# Graph homomorphism

Not to be confused with graph homeomorphism.

In the mathematical field of graph theory a graph homomorphism is a mapping between two graphs that respects their structure. More concretely it maps adjacent vertices to adjacent vertices.

## Definitions

A graph homomorphism $f$ from a graph $G=(V,E)$ to a graph $G'=(V',E')$, written $f:G \rightarrow G'$, is a mapping $f:V \rightarrow V'$ from the vertex set of $G$ to the vertex set of $G'$ such that $\{u,v\}\in E$ implies $\{f(u),f(v)\}\in E'$.

The above definition is extended to directed graphs. Then, for a homomorphism $f:G \rightarrow G'$, $(f(u),f(v))$ is an arc of $G'$ if $(u,v)$ is an arc of $G$.

If there exists a homomorphism $f:G\rightarrow H$ we shall write $G\rightarrow H$, and $G\not\rightarrow H$ otherwise. If $G\rightarrow H$, $G$ is said to be homomorphic to $H$ or $H$-colourable.

If the homomorphism $f:G\rightarrow G'$ is a bijection whose inverse function is also a graph homomorphism, then $f$ is a graph isomorphism.

Two graphs $G$ and $G'$ are homomorphically equivalent if $G\rightarrow G'$ and $G'\rightarrow G$.

A retract of a graph $G$ is a subgraph $H$ of $G$ such that there exists a homomorphism $r:G\rightarrow H$, called retraction with $r(x)=x$ for any vertex $x$ of $H$. A core is a graph which does not retract to a proper subgraph.

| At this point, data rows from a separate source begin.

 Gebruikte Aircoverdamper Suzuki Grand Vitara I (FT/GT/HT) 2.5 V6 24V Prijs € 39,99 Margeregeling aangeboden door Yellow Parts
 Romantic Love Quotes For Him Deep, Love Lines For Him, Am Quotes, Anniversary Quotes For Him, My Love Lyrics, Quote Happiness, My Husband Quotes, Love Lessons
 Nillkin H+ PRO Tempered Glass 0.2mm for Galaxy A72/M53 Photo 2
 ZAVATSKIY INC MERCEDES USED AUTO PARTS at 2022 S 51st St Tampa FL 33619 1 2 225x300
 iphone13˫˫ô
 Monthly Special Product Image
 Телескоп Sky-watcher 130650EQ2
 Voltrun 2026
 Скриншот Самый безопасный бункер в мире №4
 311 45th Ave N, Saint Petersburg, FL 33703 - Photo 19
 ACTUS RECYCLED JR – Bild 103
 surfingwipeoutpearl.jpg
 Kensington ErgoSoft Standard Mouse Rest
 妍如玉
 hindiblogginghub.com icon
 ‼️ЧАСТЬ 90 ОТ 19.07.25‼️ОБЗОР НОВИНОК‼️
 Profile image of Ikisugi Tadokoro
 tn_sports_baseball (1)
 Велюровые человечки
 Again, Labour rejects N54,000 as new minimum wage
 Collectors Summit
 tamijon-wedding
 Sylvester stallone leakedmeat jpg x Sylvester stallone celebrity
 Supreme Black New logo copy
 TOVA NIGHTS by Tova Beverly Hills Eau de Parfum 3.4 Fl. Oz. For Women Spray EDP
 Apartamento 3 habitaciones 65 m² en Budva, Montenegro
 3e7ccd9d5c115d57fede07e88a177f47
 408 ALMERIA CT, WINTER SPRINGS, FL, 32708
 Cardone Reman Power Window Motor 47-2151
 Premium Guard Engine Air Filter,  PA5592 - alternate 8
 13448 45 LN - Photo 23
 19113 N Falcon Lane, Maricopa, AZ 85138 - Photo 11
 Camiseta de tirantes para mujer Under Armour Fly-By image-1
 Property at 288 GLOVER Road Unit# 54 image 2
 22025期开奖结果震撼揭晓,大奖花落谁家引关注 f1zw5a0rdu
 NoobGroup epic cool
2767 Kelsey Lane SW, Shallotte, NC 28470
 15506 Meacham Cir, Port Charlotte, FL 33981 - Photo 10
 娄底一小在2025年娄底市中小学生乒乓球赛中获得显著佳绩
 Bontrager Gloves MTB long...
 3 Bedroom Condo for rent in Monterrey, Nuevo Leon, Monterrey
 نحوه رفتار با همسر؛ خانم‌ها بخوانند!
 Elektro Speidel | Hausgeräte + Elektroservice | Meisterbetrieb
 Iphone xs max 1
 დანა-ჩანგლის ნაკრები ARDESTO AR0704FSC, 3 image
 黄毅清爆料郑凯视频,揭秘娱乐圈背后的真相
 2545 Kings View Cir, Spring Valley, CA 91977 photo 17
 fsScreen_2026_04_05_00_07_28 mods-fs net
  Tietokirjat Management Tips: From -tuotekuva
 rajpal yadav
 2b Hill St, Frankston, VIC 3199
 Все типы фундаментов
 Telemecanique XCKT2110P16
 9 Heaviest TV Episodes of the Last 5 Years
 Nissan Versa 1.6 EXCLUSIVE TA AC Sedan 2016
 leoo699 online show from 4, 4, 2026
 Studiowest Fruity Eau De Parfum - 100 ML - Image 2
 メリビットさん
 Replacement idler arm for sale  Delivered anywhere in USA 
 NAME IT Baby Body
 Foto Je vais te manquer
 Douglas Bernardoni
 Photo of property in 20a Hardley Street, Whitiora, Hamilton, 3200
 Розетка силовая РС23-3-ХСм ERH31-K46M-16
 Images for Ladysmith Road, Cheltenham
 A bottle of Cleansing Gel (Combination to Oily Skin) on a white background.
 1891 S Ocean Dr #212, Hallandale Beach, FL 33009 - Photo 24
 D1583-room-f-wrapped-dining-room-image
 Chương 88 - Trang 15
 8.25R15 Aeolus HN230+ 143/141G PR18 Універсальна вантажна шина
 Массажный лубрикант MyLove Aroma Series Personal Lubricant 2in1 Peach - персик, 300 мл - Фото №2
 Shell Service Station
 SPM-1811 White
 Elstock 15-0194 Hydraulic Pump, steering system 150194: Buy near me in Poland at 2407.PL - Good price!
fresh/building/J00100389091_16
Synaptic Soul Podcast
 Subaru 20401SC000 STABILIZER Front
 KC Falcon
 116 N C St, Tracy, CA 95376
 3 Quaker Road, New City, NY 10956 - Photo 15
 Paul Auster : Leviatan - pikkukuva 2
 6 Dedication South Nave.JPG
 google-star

Any graph is homomorphically equivalent to a unique core.

## Properties

The composition of homomorphisms are homomorphisms.

Graph homomorphism preserves connectedness.

The tensor product of graphs is the category-theoretic product for the category of graphs and graph homomorphisms.

## Connection to coloring and girth

A graph coloring is an assignment of one of k colors to each vertex of a graph G so that the endpoints of each edge have different colors, for some number k. Any coloring corresponds to a homomorphism $f:G\rightarrow K_k$ from G to a complete graph Kk: the vertices of Kk correspond to the colors of G, and f maps each vertex of G with color c to the vertex of Kk that corresponds to c. This is a valid homomorphism because the endpoints of each edge of G are mapped to distinct vertices of Kk, and every two distinct vertices of Kk are connected by an edge, so every edge in G is mapped to an adjacent pair of vertices in Kk. Conversely if f is a homomorphism from G to Kk, then one can color G by using the same color for two vertices in G whenever they are both mapped to the same vertex in Kk. Because Kk has no edges that connect a vertex to itself, it is not possible for two adjacent vertices in G to both be mapped to the same vertex in Kk, so this gives a valid coloring. That is, G has a k-coloring if and only if it has a homomorphism to Kk.

If there are two homomorphisms $H\rightarrow G\rightarrow K_k$, then their composition $H\rightarrow K_k$ is also a homomorphism. In other words, if a graph G can be colored with k colors, and there is a homomorphism $H\rightarrow G$, then H can also be k-colored. Therefore, whenever a homomorphism $H\rightarrow G$ exists, the chromatic number of H is less than or equal to the chromatic number of G.

Homomorphisms can also be used very similarly to characterize the odd girth of a graph G, the length of its shortest odd-length cycle. The odd girth is, equivalently, the smallest odd number g for which there exists a homomorphism $C_g\rightarrow G$. For this reason, if $G\rightarrow H$, then the odd girth of G is greater than or equal to the corresponding invariant of H.[1]

## Complexity

The associated decision problem, i.e. deciding whether there exists a homomorphism from one graph to another, is NP-complete. Determining whether there is an isomorphism between two graphs is also an important problem in computational complexity theory; see graph isomorphism problem.